Chapter 19: Virtual Machine
Terms defined: Application Binary Interface, assembler, assembly code, bitwise operation, disassembler, instruction pointer, instruction set, label (address in memory), op code, register, virtual machine, word (of memory)
Computers don’t execute JavaScript directly. Instead, each processor has its own instruction set, and a compiler translates high-level languages into those instructions. Compilers often use an intermediate representation called assembly code that gives instructions names instead of numbers. To understand more about how JavaScript actually runs, we will simulate a very simple processor with a little bit of memory. If you want to dive deeper, have a look at Bob Nystrom’s Crafting Interpreters. You may also enjoy Human Resource Machine, which asks you to solve puzzles of increasing difficulty using a processor almost as simple as ours.
Section 19.1: What is the architecture of our virtual machine?

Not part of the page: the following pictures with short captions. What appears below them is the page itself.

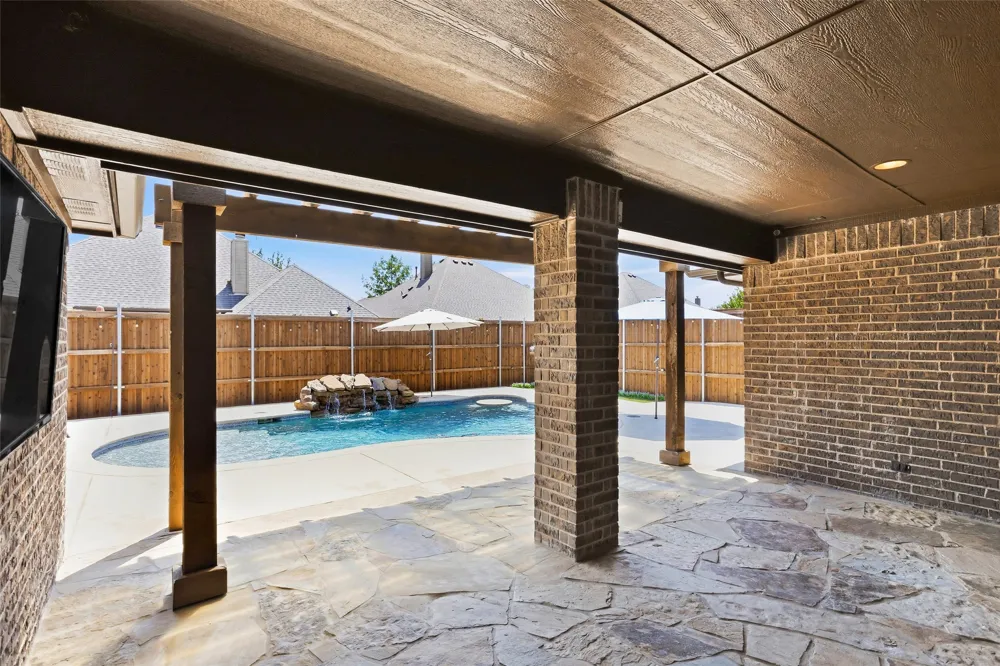 2749 Buffalo Run Burleson, TX 76028
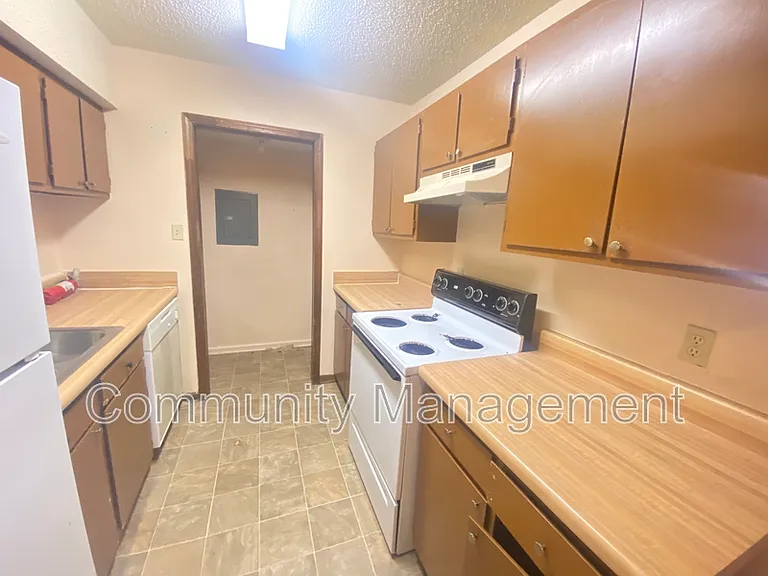 5137 Weston St #D — Photo 2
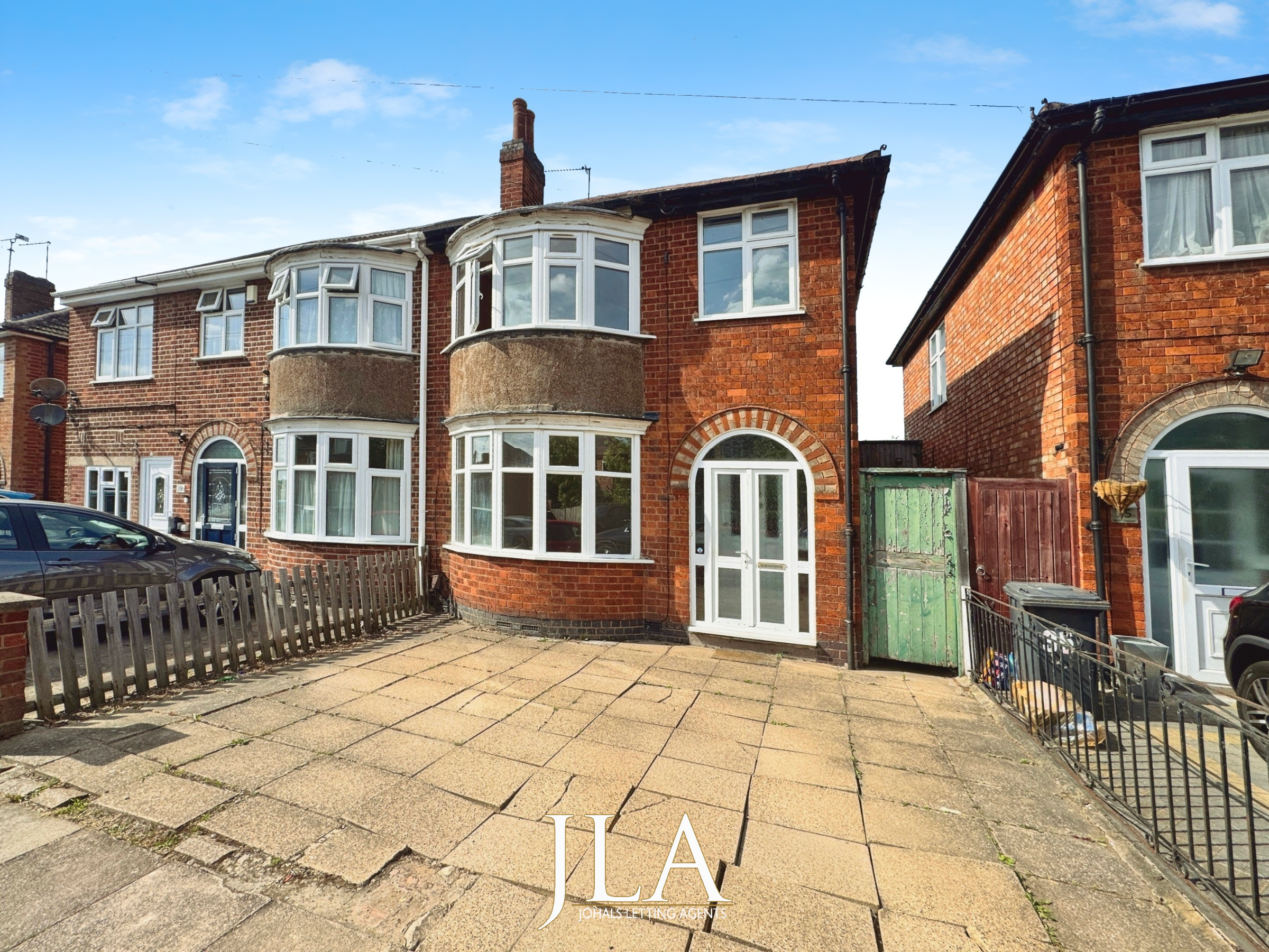 3 bed semi-detached house to rent in Cairnsford Road, Leicester 0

Our virtual machine has three parts, which are shown in Figure 19.1 for a program made up of 110 instructions:
-
An instruction pointer (IP) that holds the memory address of the next instruction to execute. It is automatically initialized to point at address 0, which is where every program must start. This rule is part of the Application Binary Interface (ABI) for our virtual machine.
-
Four registers named R0 to R3 that instructions can access directly. There are no memory-to-memory operations in our VM: everything happens in or through registers.
-
256 words of memory, each of which can store a single value. Both the program and its data live in this single block of memory; we chose the size 256 so that each address will fit in a single byte.
The instructions for our VM are 3 bytes long.
The op code fits into one byte,
and each instruction may optionally include one or two single-byte operands.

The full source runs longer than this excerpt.